Infiniband PCIe card preventing boot in one server but not another

Notice: Page may contain affiliate links for which we may earn a small commission through services like Amazon Affiliates or Skimlinks.

alltheasimov

Member
Feb 17, 2018
59
12
8
33
Just saw this thread. I have a similar(-ish) problem with a Dell-branded ConnectX-3 (312 dual port). It works in an Supermicro X11SSi-ln4f but not on a gigabyte G87 UD3H. Machine wouldn't even boot. Crossflashing to the latest Mellanox firmware screwed up the LED's but alas no improvement in booting on the Supermicro. I wasn't aware of the SMbus pin masking. Maybe I'll give that a shot.
Which motherboard does it not work on? Did you try increasing the BAR space size?
 

arglebargle

H̸̖̅ȩ̸̐l̷̦͋l̴̰̈ỏ̶̱ ̸̢͋W̵͖̌ò̴͚r̴͇̀l̵̼͗d̷͕̈
Jul 15, 2018
657
244
43
Just saw this thread. I have a similar(-ish) problem with a Dell-branded ConnectX-3 (312 dual port). It works in an Supermicro X11SSi-ln4f but not on a gigabyte G87 UD3H. Machine wouldn't even boot. Crossflashing to the latest Mellanox firmware screwed up the LED's but alas no improvement in booting on the Supermicro. I wasn't aware of the SMbus pin masking. Maybe I'll give that a shot.
Did you ever solve this problem? I think I'm encountering the same thing with an HP branded CX3 (MCX354A-QCBT) in an Asus Z97-Pro motherboard. I've tried enabling "Above 4G Decoding" but I haven't been able to POST once with the CX3 installed.
 
Last edited:

fohdeesha

Kaini Industries
Nov 20, 2016
2,729
3,081
113
33
fohdeesha.com
if you think BAR size is the issue, this is configurable on the card with mlxconfig (same utility I recommend for setting ports to ethernet or IB etc). It's saved in the cards flash so you can configure it on the working PC, then move the card to the non working one:



I would start by setting it to 0, like:

Code:
mst start

mlxconfig -d /dev/mst/mt4099_pci_cr0 set LOG_BAR_SIZE=0
Then move it to the other PC and see if it boots. If it does, you could try increasing it by 1 each time until it doesn't. If it doesn't boot even at 0, try disabling SR-IOV if it's enabled, like "mlxconfig -d /dev/mst/mt4099_pci_cr0 set SRIOV_EN=0" the total BAR size is a function of the BAR size setting above times the number of virtual functions, so if you have SR-IOV enabled with a bunch of VF's, that will get big really fast.
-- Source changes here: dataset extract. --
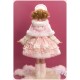 Summer Fairy Sanrio Characters Piano Fluffy Edition Shoes Cape JSK OP and Sets(Reservation/Full Payment Without Shipping)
if it still absolutely won't boot, try disabling SR-IOV in your motherboard BIOS
 
Last edited:

arglebargle

H̸̖̅ȩ̸̐l̷̦͋l̴̰̈ỏ̶̱ ̸̢͋W̵͖̌ò̴͚r̴͇̀l̵̼͗d̷͕̈
Jul 15, 2018
657
244
43
I think I'm going to have to concede defeat on this one, 10 hours of troubleshooting is enough.

Here's what I've tried today:
  • LOG_BAR_SIZE=0..3
  • NUM_OF_VFS=1..8
  • SRIOV_EN=0 and SRIOV_EN=1
  • Downgrading as far back as 2.10.2280 + Flex-3.3.650 (from 2012)
  • Nuking the bootrom on the card entirely
Unless I'm missing something incredibly stupid I'm pretty sure this is an Asus bios problem. This is the second Asus board I've owned that flat out refused to POST with a certain PCIe device installed, I think it's going to be my last.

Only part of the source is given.